Special needs of the bright and bored
Teachers-in-training are given plenty of advice on how to help the underachievers they will doubtless meet in their careers. But what about the other end of the spectrum? Chloe has just been awarded a place at one of London's top music academies to study guitar, voice and piano. The 12-year-old is also gifted at drama and has a TV series under her belt. Yet Chloe and her parents say that the music staff at her secondary school spent the whole of her first year ignoring her.
When the parents asked if there was any way Chloe could become involved in the school's musical life, or have extra opportunities to contribute or perform, the answer was no. An angry letter to the head of music was passed on to the headteacher. He sent a dismissive, tetchy response implying that the parents were known nuisances.
This by no means unique story was at one of the country's top selective state schools, leading a culture in which state schools let thousands of gifted and talented children slip through the net. As Estelle Morris, School Standards Minister, said at a recent conference: "Schools need to change their culture to identify the brightest children, in the same way that they target those with special needs."
Many teachers guiltily admit that gifted children have traditionally been left "to get on with it". That may now be changing. The Government is pumping pound;23 million into pilot programmes focusing on the specific needs of the highly able. This year has seen the first Gifted and Talented Programme (GTP), part of the Excellence in Cities scheme, which could enrol up to 40,000 youngsters from 460 schools in six areas.
At John Smeaton Community High School, Leeds, Cheryl Bryan is both the head of Geography and the Gifted and Talented Co-ordinator. Pupils are screened using an electronic register that pinpoints those who have attained above targets. Following DfEE guidelines, around 6-10 per cent fall into the category of gifted (defined as academically able) and talented (in areas such as music, sport and drama.) "We try to make sure these children have a curriculum which is challenging them, focusing on extension and enrichment within the classroom," Ms Bryan says.
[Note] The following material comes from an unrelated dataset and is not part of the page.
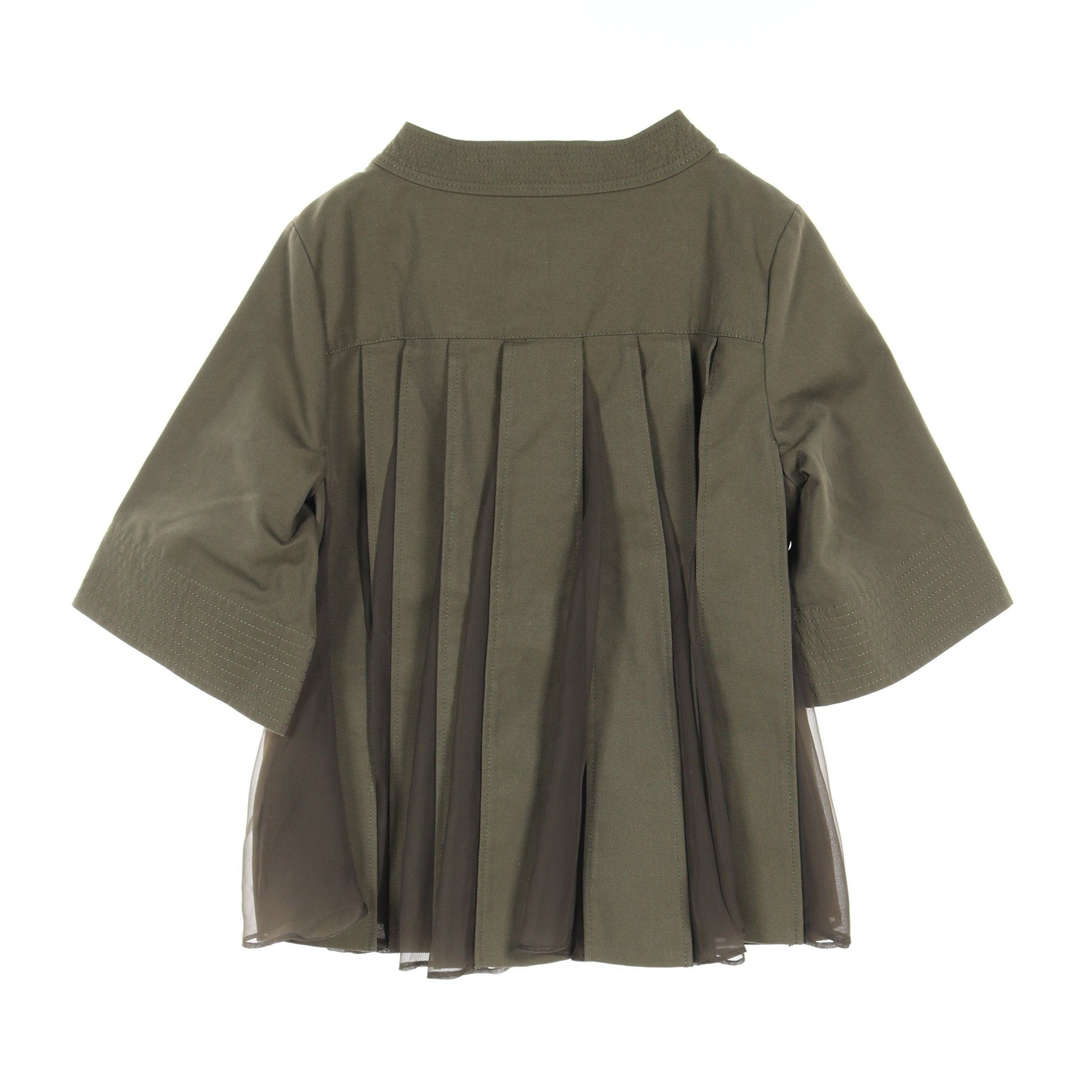 Sacai Sacai Tops Cotton Khaki Green Navy Knit Chiffon Docking Size ONE SIZE - 2 Thumbnail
Years 11 and 12 also go to summer schools set up by local universities including Leeds Met, Newcastle and York. "I'm so pleased that children at the top end are at last being given support and encouragement instead of being just left to get on with it. Now we have the opportunity to make a difference," she says.
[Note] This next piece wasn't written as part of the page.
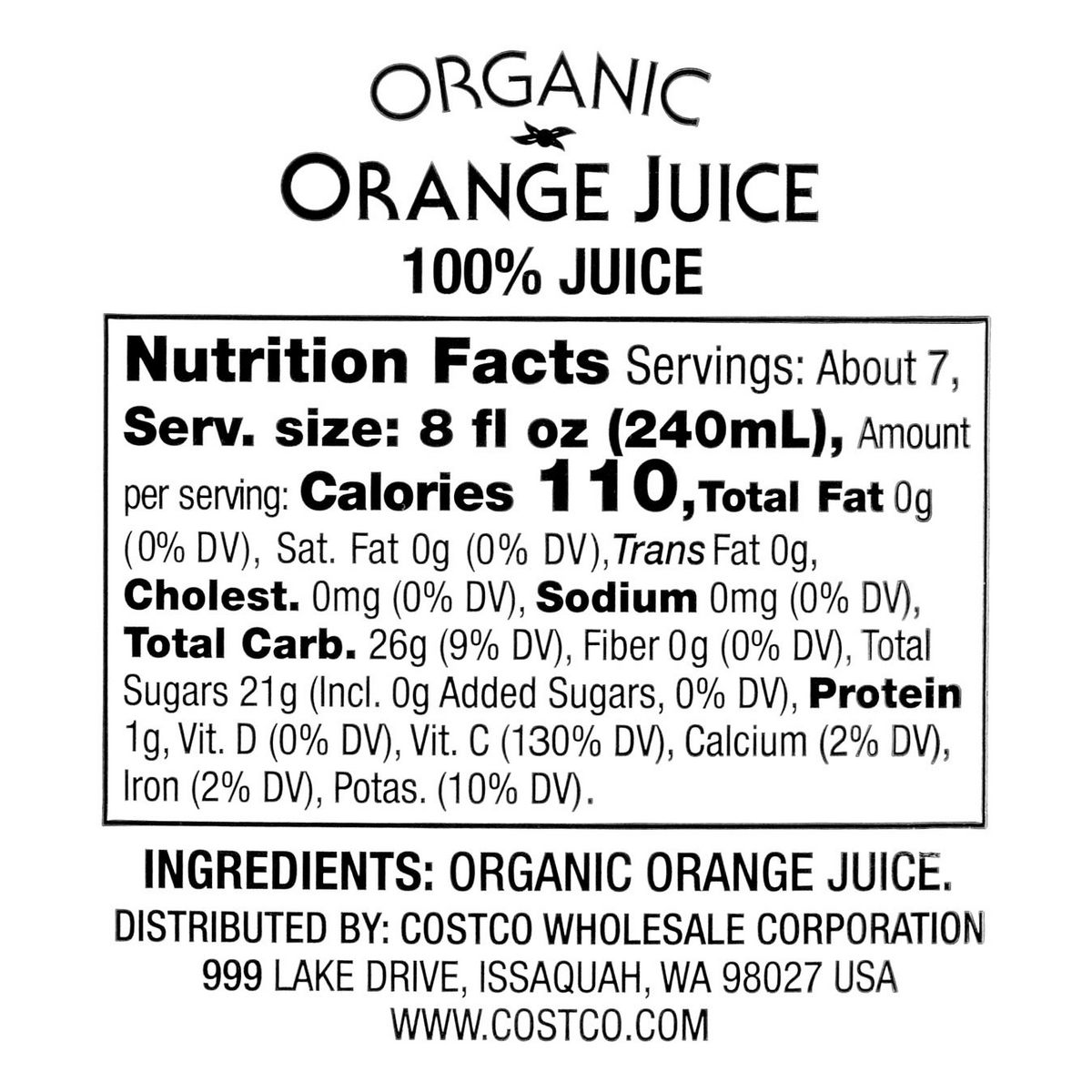 Organic Orange Juice, 2 Count, 59 fl oz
On top of the GT programme the Government has recommended that schools use more of their budget for GT. It also feels that Ofsted inspection should include an assessment of how well schools provide for the highly able.
In the report "Highly Able Children", the Education and Employment Committee recommends all LEAs appoint an adviser to a funded post with responsibility for the highly able.
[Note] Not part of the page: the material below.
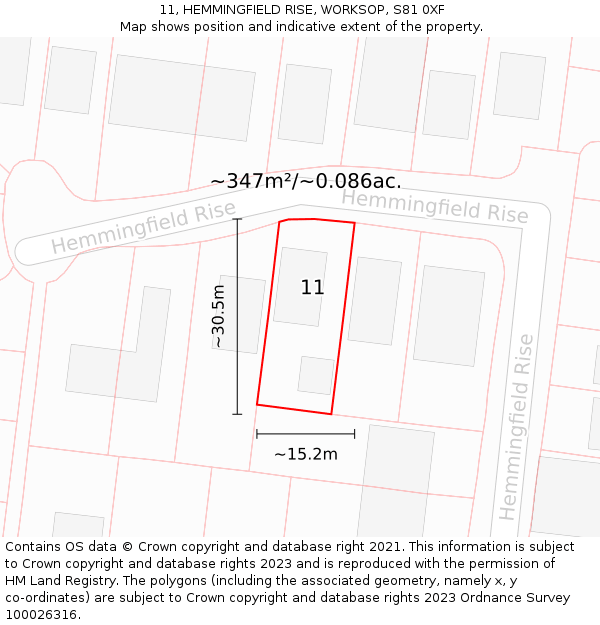11, HEMMINGFIELD RISE, WORKSOP, S81 0XF: Plot and title map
Even without special GTP funding, many schools have already appointed gifted and talented co-ordinators, such as David Broadbridge at Dover Grammar School for Girls, Kent. He agrees that many children do miss out. "The net may exist at a lot of state schools, but it depends on how thick the mesh is as to whether they slip through or not."
Recently one girl at Dover Grammar passed 11 GCSEs at Grade A, a pupil was selected for the England U18 hockey squad, and another played the bassoon with the Kent County Youth Orchestra on their tour of Argentina.
This range of achievements hits on a key aspect of GT, where many are concerned to get away from emphasis on intellectual hothousing at the price of emotional and social success.
"We have to ensure that the chid isn't bored," Broadbridge says. "Equally, we have to be careful she's not labelled 'Prof' or 'Boff'."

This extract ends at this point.